Как это получалось?.. Как народ, разбросанный в долинах рек и по горным плато, подчинялся единой воле, сеял и жал, пас скот, трудился в рудниках, строил города, мосты, дороги и даже свершал походы в океан, достигая земель, еще неведомых в Европе?.. Как говорил Уильяк Уму, в этом нет заслуги прибрежных жителей. Инки пришли к океану с востока, с огромного плоскогорья, что лежит между двумя горными цепями, из мест, называемых сьеррой. Пришли, покорив множество племен, кечуа, аймара, чанка и других, пришли с многотысячными армиями, с медным оружием и твердым порядком. Пришли, завоевали берег океана, правили, по воле богов, землями низин, но сами жили в горах, в городах, возведенных из камня, Кито на севере и Куско на юге. Как утверждал старик, Куско – родовая вотчина великих инков; древний город Мачу-Пикчу находится к северо-западу от Куско примерно в пятидесяти милях, а на двести миль южнее лежит священное озеро Титикака, столь обширное, что его не обойти даже за десять дней. Слушая Уильяка Уму, капитан пришел к мнению, что плато огромно – вероятно, не меньше Англии. И по этой земле гор и ущелий ему предстояло странствовать! Воистину нелегкая задача!

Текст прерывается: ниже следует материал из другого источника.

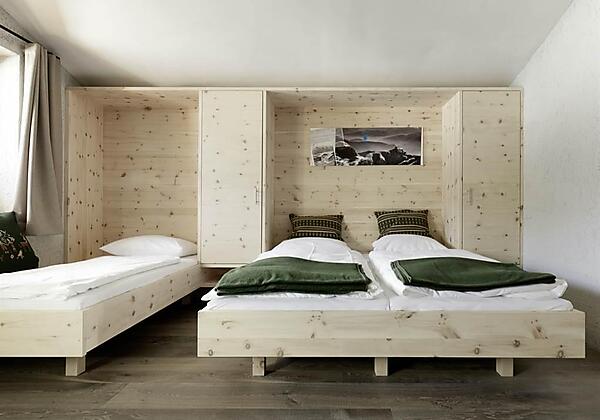 Schlafzimmer mit Zirbenholz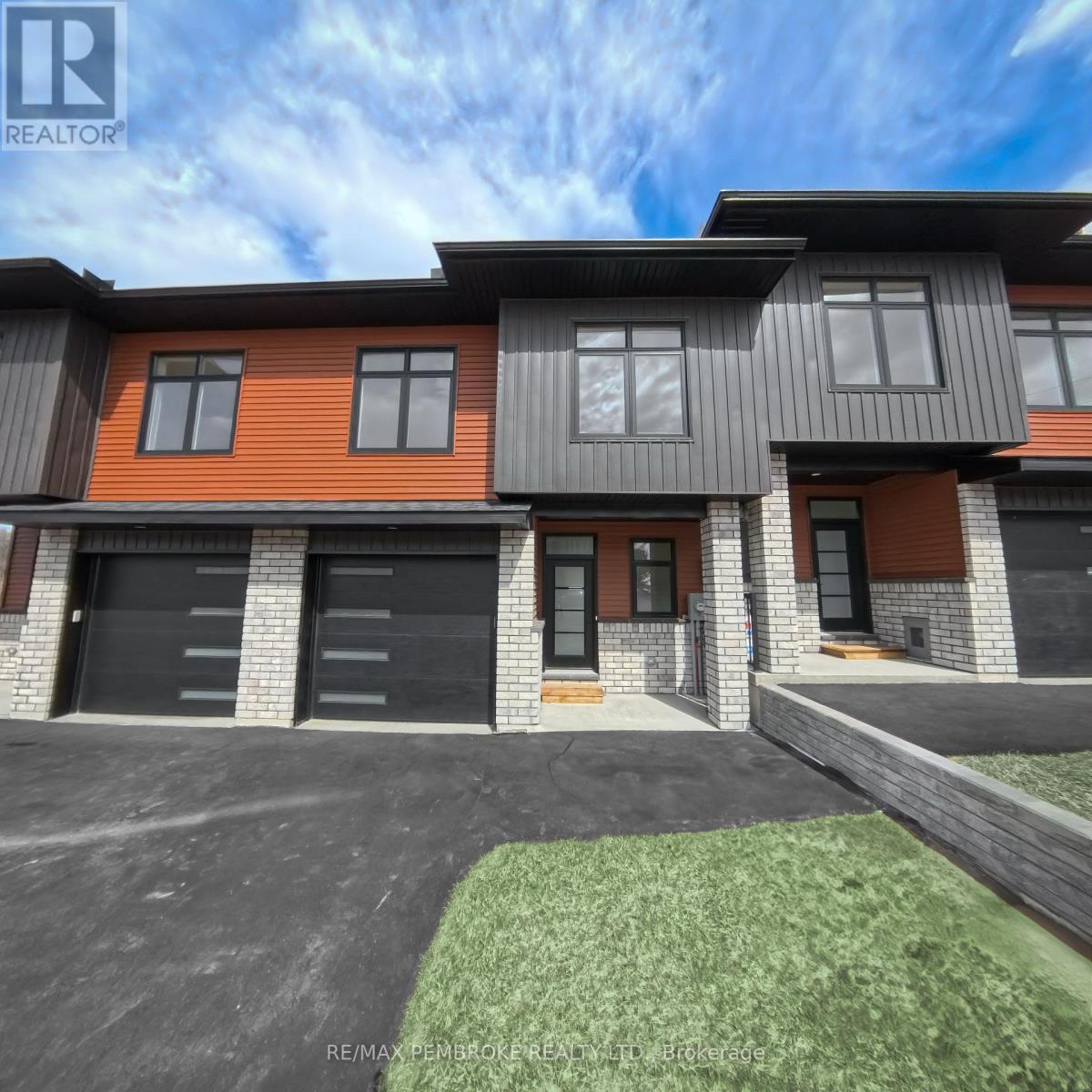 11 Northbrook St, Petawawa, ON K8H 3N4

Кроме Шелтона, вниманием старика пользовались только хирург и Никос Костакис. Последний учил язык кечуа, на котором говорили инки, и жаловался, что он скорее подходит для ягуаров и львов, чем для людей; звуки этого наречия были взрывными, гортанными, рычащими, так что чудилось, будто говорящие на нем ссорятся в страшном гневе. Хадсон беседовал с Уильяком Уму при посредстве Костакиса, расспрашивая старика о медицинских приемах инков и целебных травах, растущих на побережье и в горах. От него Шелтон узнал, что воздух сьерры разрежен, и непривычным к этому людям путешествовать по плоскогорью трудно. Верным оказалось и обратное – армии инков, чьи воины были горцами, всегда останавливались на высоте нескольких тысяч футов, чтобы бойцы привыкли к густому воздуху низин.